I have decided that I need to look into investing in some cheap but durable re-usable plates. We do these big meals at least 4 times a year - so this could be a great investment, and a great way to reduce our annual trash output. It just might be time to sell that stock in Chinet....

Thursday, May 24, 2007

Aren't I supposed to see a physician first?

Years and years ago (don't make me think about how many years ago it was), I asked my Dr. what he would recommend in dealing with my weight.

That was an exceptionally hard question to ask. And I know I'm not alone. I'm sure there are lots of folks who would rather talk about hemorrhoids, STDs or persistent halitosis than say to their Dr "I'm fat."

My Dr's response was not what I needed. He looked kind of awkward. He looked kind of sheepish. He fidgeted and said "um" and "uh" more often than normal. After his stammering, ya know what he said? It's really just about eating less calories than you burn. Yea Dr.

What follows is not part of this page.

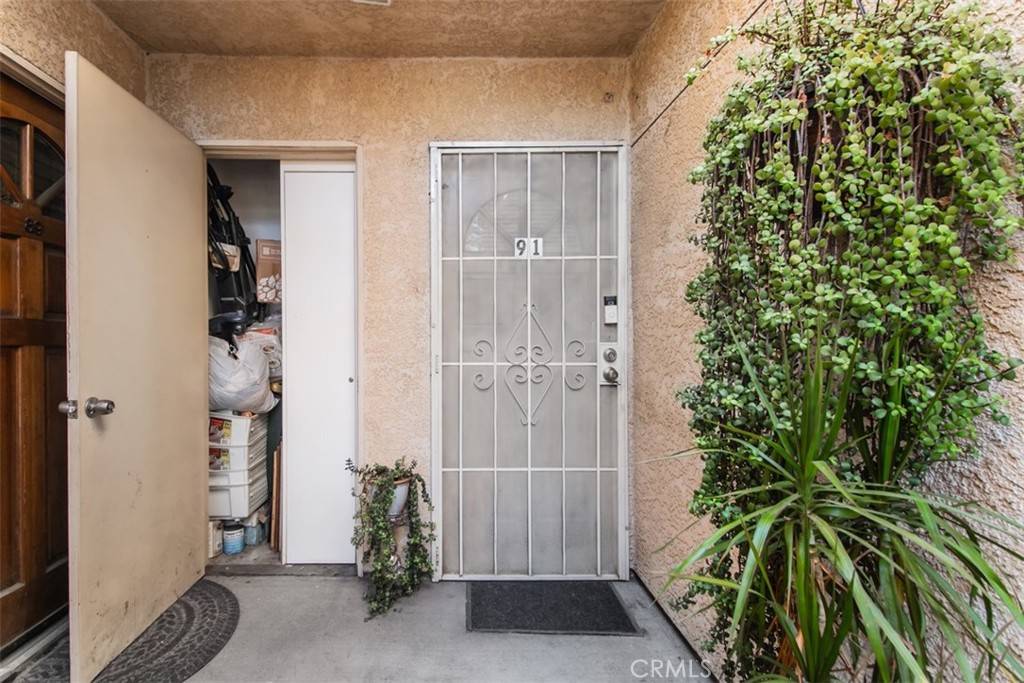 Tarzana, CA 91356,18307 Burbank BLVD #91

I get that. I'm not a stupid person. We all KNOW that. It doesn't suddenly make it easy to do something about it. Then - he suggested that I do something active, like running. Here's where I realized that he was pretty much repeating a speech. I'd seen this doctor for years and he knew that I had arthritis which cropped up often in my knees and hips. You would never suggest running to me if you knew my medical history. I had to remind him. After reminding him of my medical history (Since I wasn't just asking his advice at a cocktail party - I was sitting in his office on an examination table.) he said that the best thing for me would be swimming. I should definitely start swimming. Rather than mention my lack of pool, and that 2 of the gyms I'd belonged to didn't include pools, I decided to push the uncomfortable discussion just a bit further to ask about specific diets to help get me started. He said that from what he'd read Weight Watchers was a great option.

Aren't you supposed to get better advice from your Dr. than from the Internet? That Dr. retired later that year and since then I've had 2 different doctors. My weight has continued to rise but I haven't bothered to mention it to either of them. They don't know me as well as he did, and I got a cereal box suggestion from him.

Right now here's what I know. More Vegetables. Less ice cream. More grilled meat. Less fried meat. More organic. Less processed. More portion control. Less super sizing. And the hardest one - More cooking at home. Less eating out.

I'm not good at this yet. I'm not even decent at it. I am one of 3 adults in my house right now and I have the least control over the kitchen. And the least skills in the kitchen. And I get home last. But I can't keep leaning on this truth as an crutch. It just means I'm going to need to work harder. That is a bit scary. But (deep breath) less scary than the prospects of what my ever expanding waistline will look like in another 5-10 years.

The research begins. Recipes. Diets. Food plans. I'm open for it all. I'll try anything that will get me healthy. Healthy or bust.